Extracted entries:
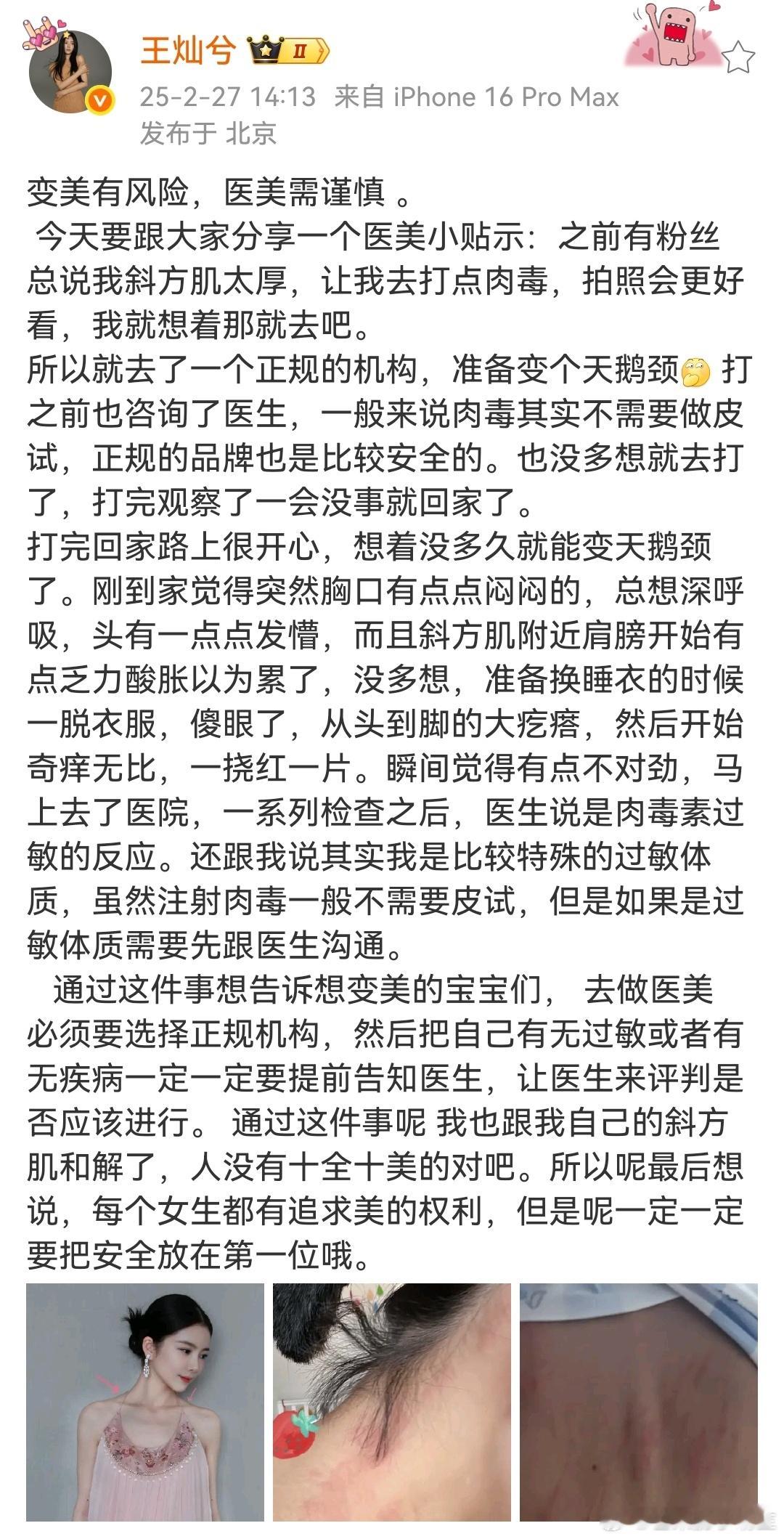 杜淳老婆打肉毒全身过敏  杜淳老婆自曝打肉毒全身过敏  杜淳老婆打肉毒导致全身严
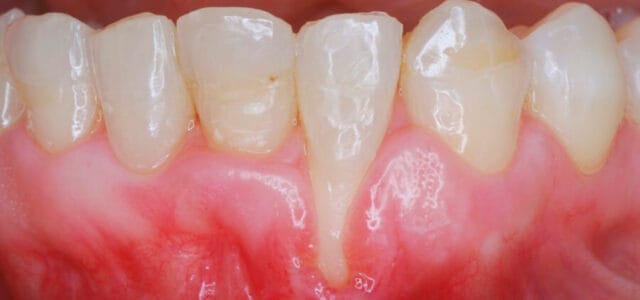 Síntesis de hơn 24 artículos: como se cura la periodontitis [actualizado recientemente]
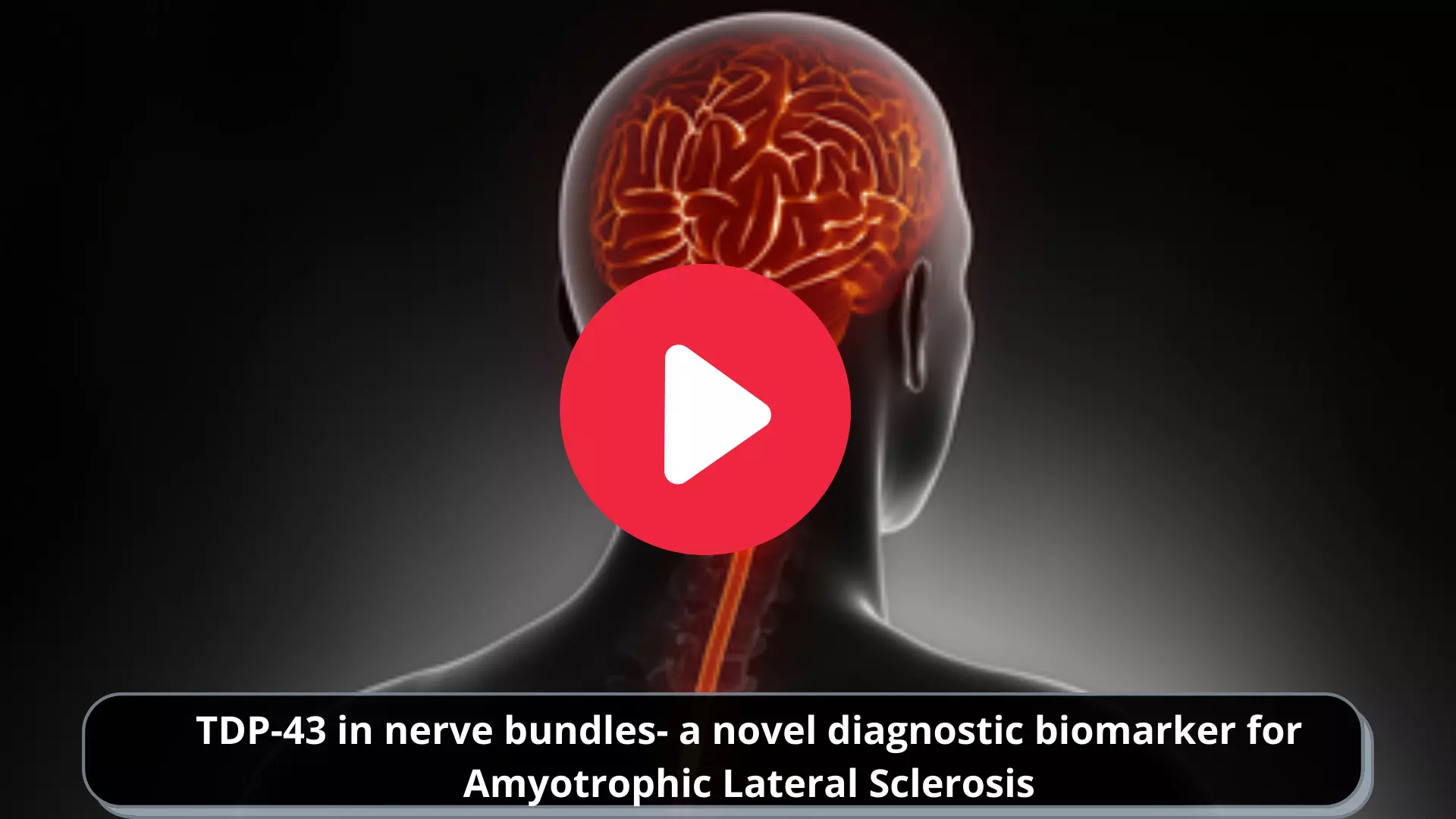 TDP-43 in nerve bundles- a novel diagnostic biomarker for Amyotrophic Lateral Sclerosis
==
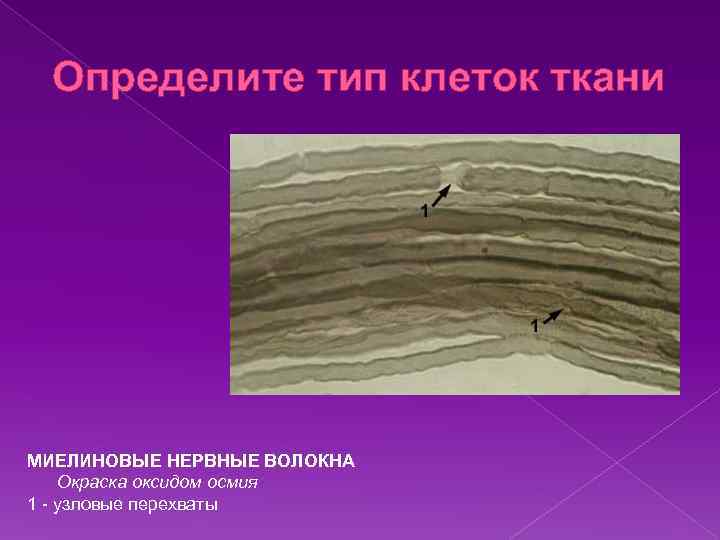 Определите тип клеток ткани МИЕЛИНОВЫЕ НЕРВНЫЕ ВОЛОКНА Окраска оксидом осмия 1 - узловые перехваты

Task: Print, exactly and with no pictures, the lines of the listing above starting at the one that has "Síntesis de hơn" and ending at the one that has "TDP-43 in nerve", both included.

Solved problem:
 Síntesis de hơn 24 artículos: como se cura la periodontitis [actualizado recientemente]
 TDP-43 in nerve bundles- a novel diagnostic biomarker for Amyotrophic Lateral Sclerosis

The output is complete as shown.